BASEL, SWITZERLAND (AP) - FIFA’s anti-corruption adviser called for swift publication on Friday of a Swiss court document revealing which soccer officials took millions of dollars from marketing agency ISL as kickbacks from World Cup broadcasting deals.
Mark Pieth told The Associated Press that FIFA and its President Sepp Blatter cited legal reasons for “repeatedly” denying his requests to see the document.
“This is something that needs to be publicized. We asked FIFA to get it.

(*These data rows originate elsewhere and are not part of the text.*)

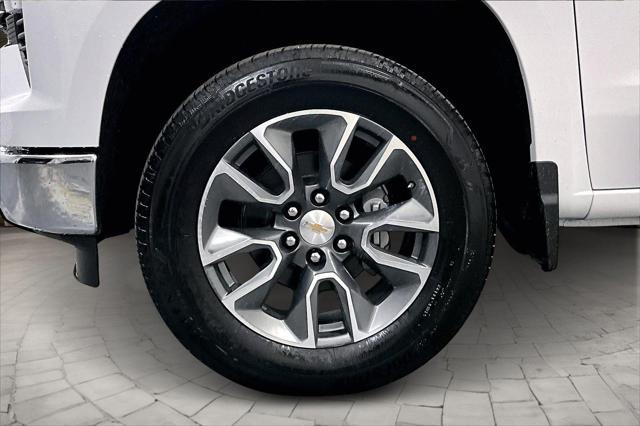 new 2025 Chevrolet Silverado 1500 car, priced at $54,230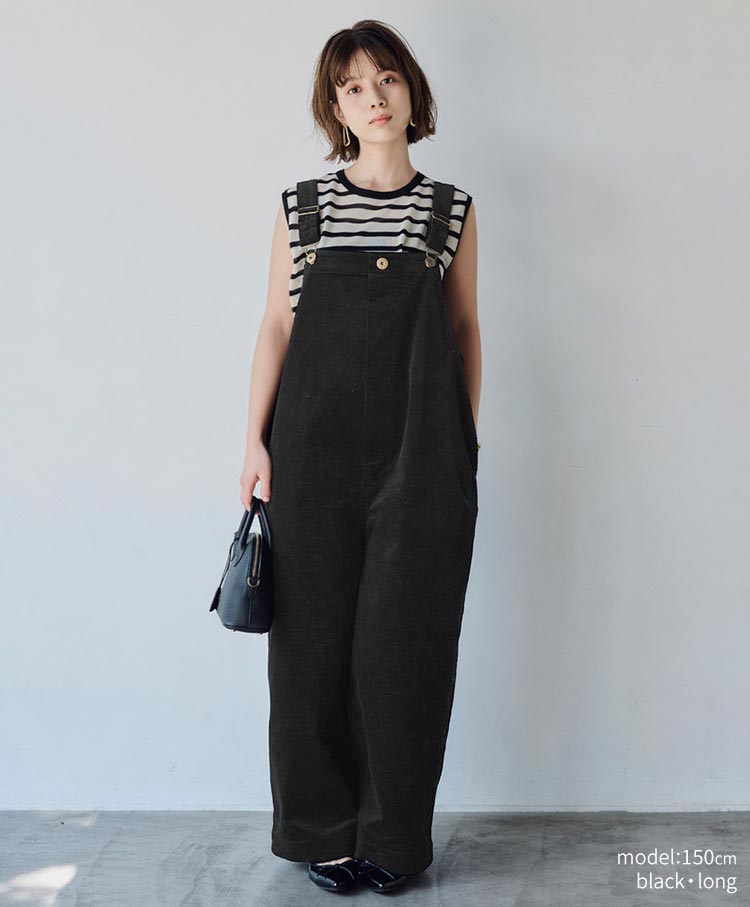 corduroy salopette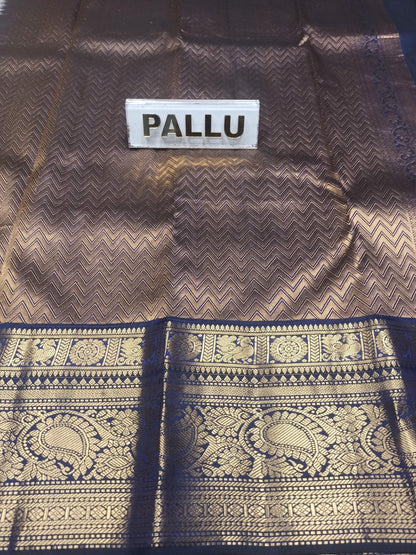 Pure Kanchipuram Silk Saree.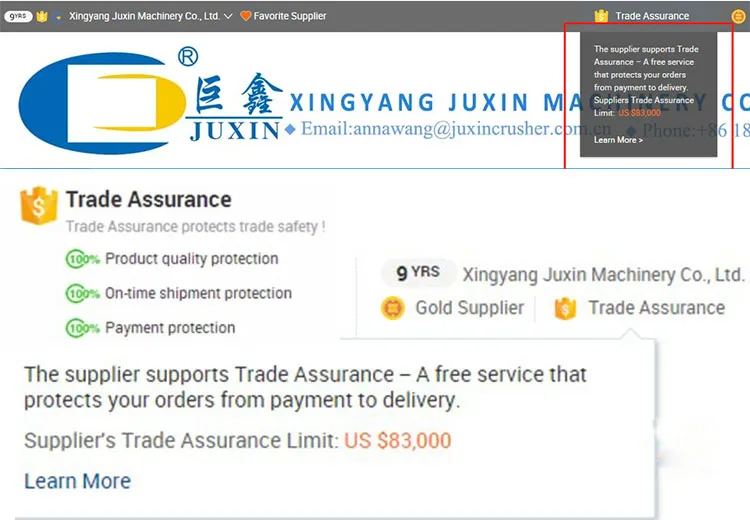 Trade Assurance 1
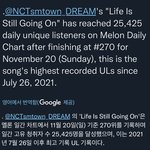 [NCT드림] <b>작년</b> 7월 <b>이후</b>로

We have repeatedly and right from the beginning asked,” said Pieth, acknowledging that to release the document now risked a contempt of court charge.
Earlier Friday, Switzerland’s Federal Tribunal announced it extended a block on publication requested by two unidentified parties.
The ISL scandal stemmed from alleged payments of tens of millions of dollars to sports officials made by the Swiss-based marketing agency before its 2001 collapse with debts of $300 million.
The parties _ widely reported to be Brazilian former soccer leaders Joao Havelange and Ricardo Teixeira _ are appealing against five Swiss and British media organizations that won lower court rulings to access the ISL dossier.
The document reveals details of a May 2010 deal in which two officials admitted taking kickbacks in the 1990s. They repaid $6.1 million on condition their identities would remain secret.
“Nobody has really seen that document because it would be a contempt of court issue if they gave it to us,” the University of Basel professor said. “He (Blatter) has not given it to anybody because he is not allowed to. That’s the point.”
Pieth said it was “crucial” for his 13-member expert panel to study the ISL case, as they examine how serious FIFA was about investigating scandals, including alleged bribery and vote-rigging, in recent years.
“This is another element for us to say, ‘Look, we are not satisfied how these things have been dealt with.’ But we want to see it officially and we want to see it published,” the former United Nations investigator said.
Blatter asked Pieth in November to suggest widespread transparency and governance reforms of soccer’s embattled world governing body that would take effect before June 2013.
Pieth’s expert panel has sent an initial report that Blatter’s executive committee will consider at a two-day meeting opening Thursday in Zurich.
The ISL scandal has clouded Blatter’s presidency since 2001, and seeking closure has become a central part of his promised mission to improve FIFA’s image.
Still, FIFA is no longer formally involved in the appeals being considered by Switzerland’s highest court.
On Friday, the federal court said it granted a “suspensive effect” to parties identified only as “B2” and “B3” who appealed to stop publication. FIFA was party “B1” but withdrew in December.